─── Provided data ───

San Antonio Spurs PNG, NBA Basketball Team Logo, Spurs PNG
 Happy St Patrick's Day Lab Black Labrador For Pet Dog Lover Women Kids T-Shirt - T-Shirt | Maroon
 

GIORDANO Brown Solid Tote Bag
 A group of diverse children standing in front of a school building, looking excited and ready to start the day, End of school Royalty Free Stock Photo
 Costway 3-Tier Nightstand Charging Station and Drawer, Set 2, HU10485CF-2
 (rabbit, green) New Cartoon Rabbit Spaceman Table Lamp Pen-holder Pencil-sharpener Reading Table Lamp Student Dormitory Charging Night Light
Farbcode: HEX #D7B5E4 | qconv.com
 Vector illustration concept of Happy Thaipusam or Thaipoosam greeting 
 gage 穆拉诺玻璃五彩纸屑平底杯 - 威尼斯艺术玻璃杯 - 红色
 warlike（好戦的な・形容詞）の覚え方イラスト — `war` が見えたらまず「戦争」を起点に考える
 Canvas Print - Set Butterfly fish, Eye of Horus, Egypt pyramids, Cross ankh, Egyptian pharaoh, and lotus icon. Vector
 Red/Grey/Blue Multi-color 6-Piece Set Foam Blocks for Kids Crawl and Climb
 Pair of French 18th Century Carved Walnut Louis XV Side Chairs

───

Problem statement: Check each line of the records above for the string "Kids", and report every line that has it.

Result of this exercise:
 Happy St Patrick's Day Lab Black Labrador For Pet Dog Lover Women Kids T-Shirt - T-Shirt | Maroon
 Red/Grey/Blue Multi-color 6-Piece Set Foam Blocks for Kids Crawl and Climb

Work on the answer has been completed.